The next step of the assessment is the evaluation of the enforceability of the Art. 46 UK GDPR transfer mechanism, such as the IDTA. Key factor here is whether the data importer will accept UK court decisions. Factors are appropriate insurance of the data importer, evidence that such decisions have already been acknowledged or if there are professional rules where you could complain to an oversight body.
The final Question addresses Art. 49 UK GDPR and the therein mentioned exceptions which allow data to be transferred in those specific circumstances. Such circumstances are importance of public interest or explicit consent of the data subject. You need to be aware that you need to overcome high thresholds can use those exceptions as a legal basis for restricted transfers.
At the end, you need to evaluate each risk level of each of the six questions which tell you if your transfer to a restricted country is possible or not. You get the answer after each question separately and need to bring them together at the end.

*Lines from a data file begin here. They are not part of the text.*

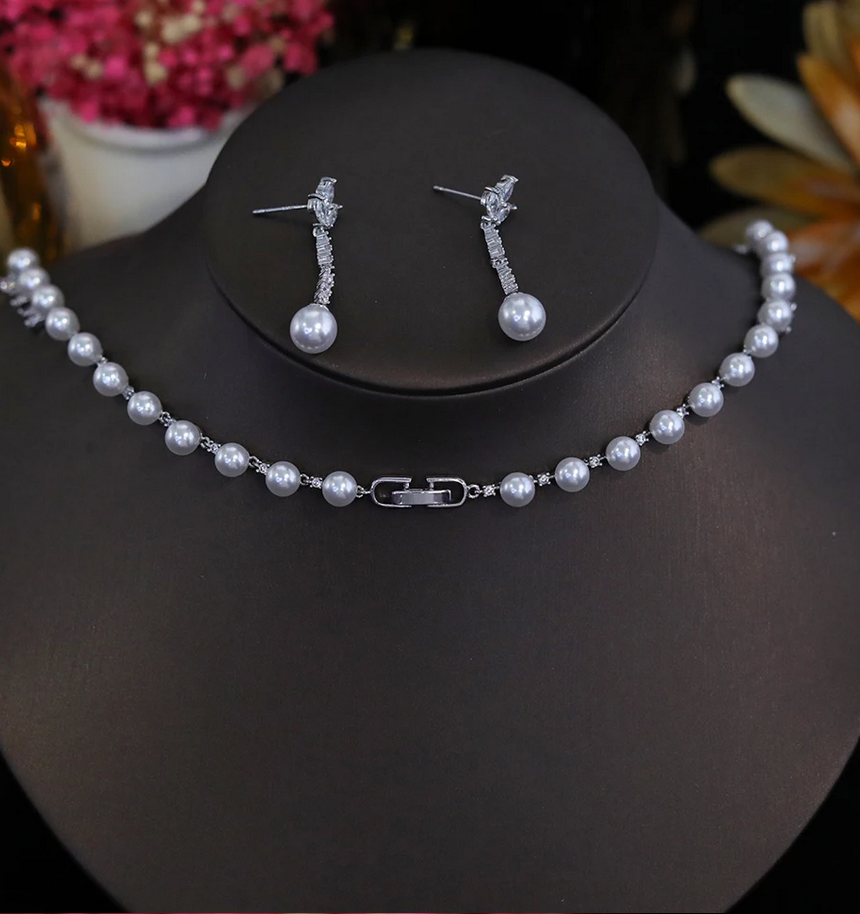 Verona -  Timeless bridal pearl necklace set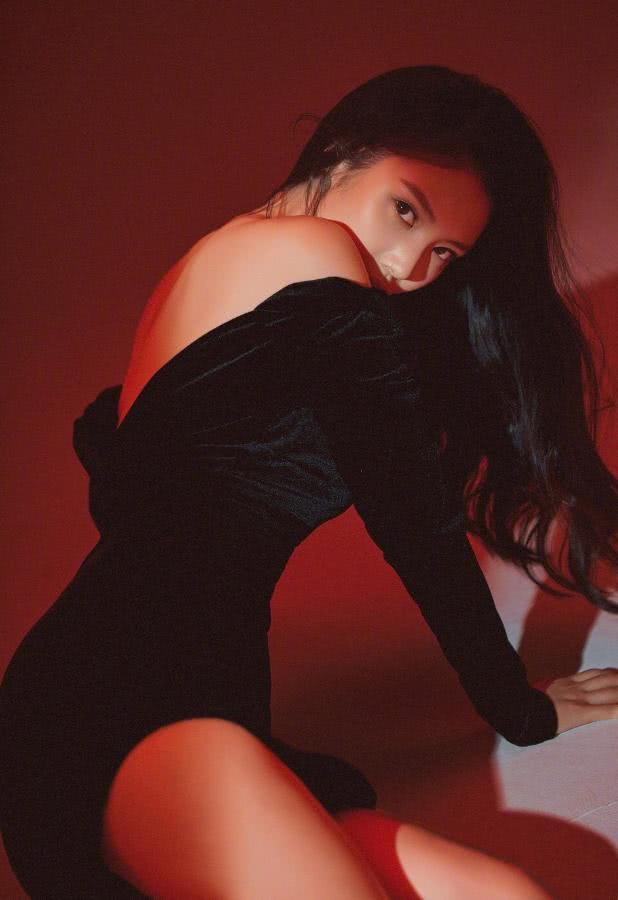 徐冬冬每次造型都能引来网友的关注，太过性感诱惑，有没有人管管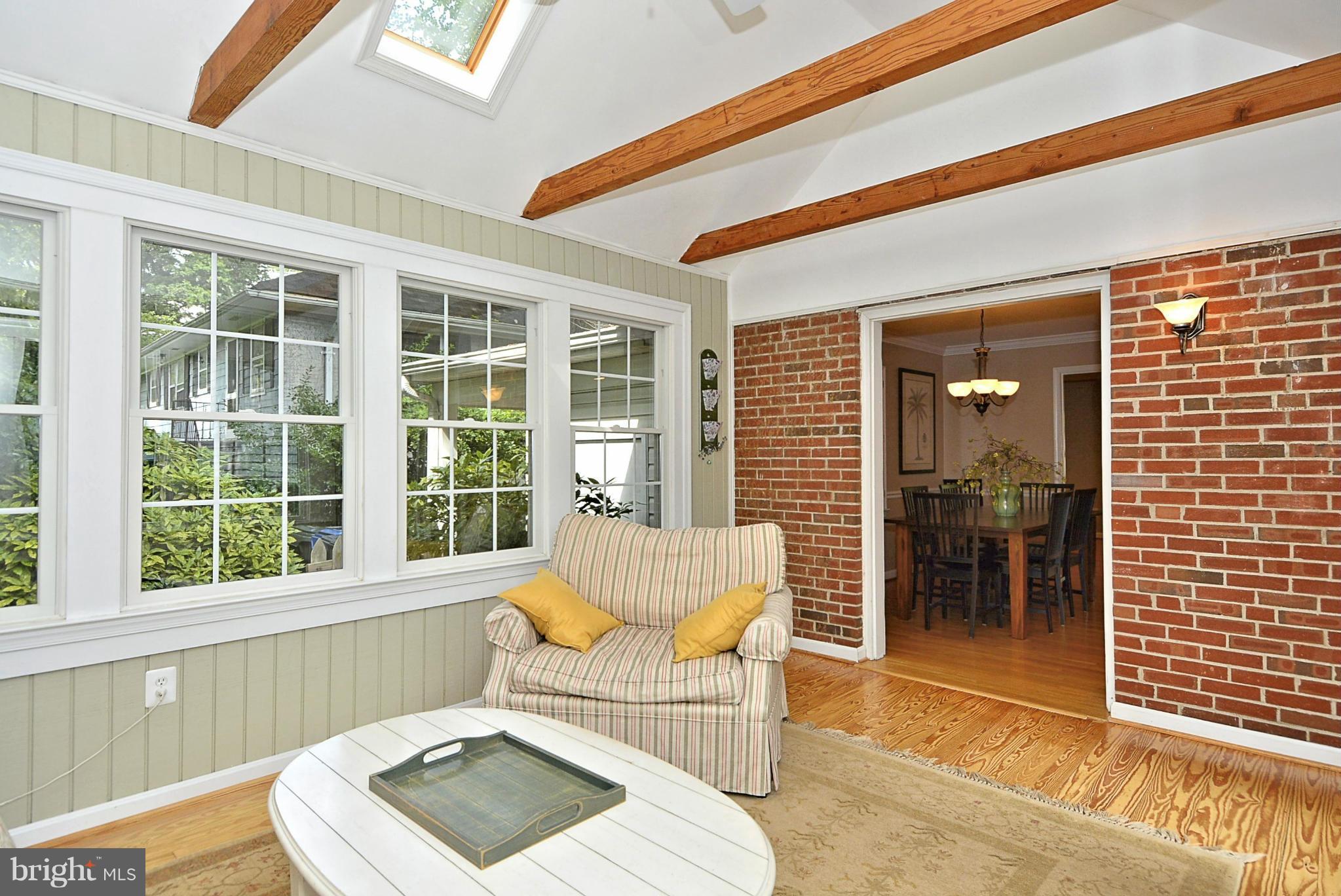 WAYNEWOOD - Residential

Please also note that the TRA Tool comes with an Appendix which provides you with some help and insight. For example, there is a table of categories of personal data and their initial risk score which you need to fill in in question two. If you wish to use your own approach on a TRA, this can still be a useful resource of information. However, to touch al necessary aspects of the Transfer Risk Assessment, it is advisable to use the ICO’s provided tool.
Tip: The TRA tool can be downloaded from the ICO website.
How should you deal with the results of the TRA?
Next steps for UK companies are, if not already done, to conduct their necessary Transfer Risk Assessments and then act accordingly to their outcomes. Such acts can be the implementation of further measures which can be technical, organizational or contractual.
Additional guidance, especially for such measures and mitigating factors to reduce the risk levels can be the European Data Protection Boards Guideline on additional measures for third country transfers.
Only when satisfied that the restricted transfer does not impose high risks for the data subjects concerned, those transfers can proceed. Otherwise, UK companies should consider national service providers as an alternative.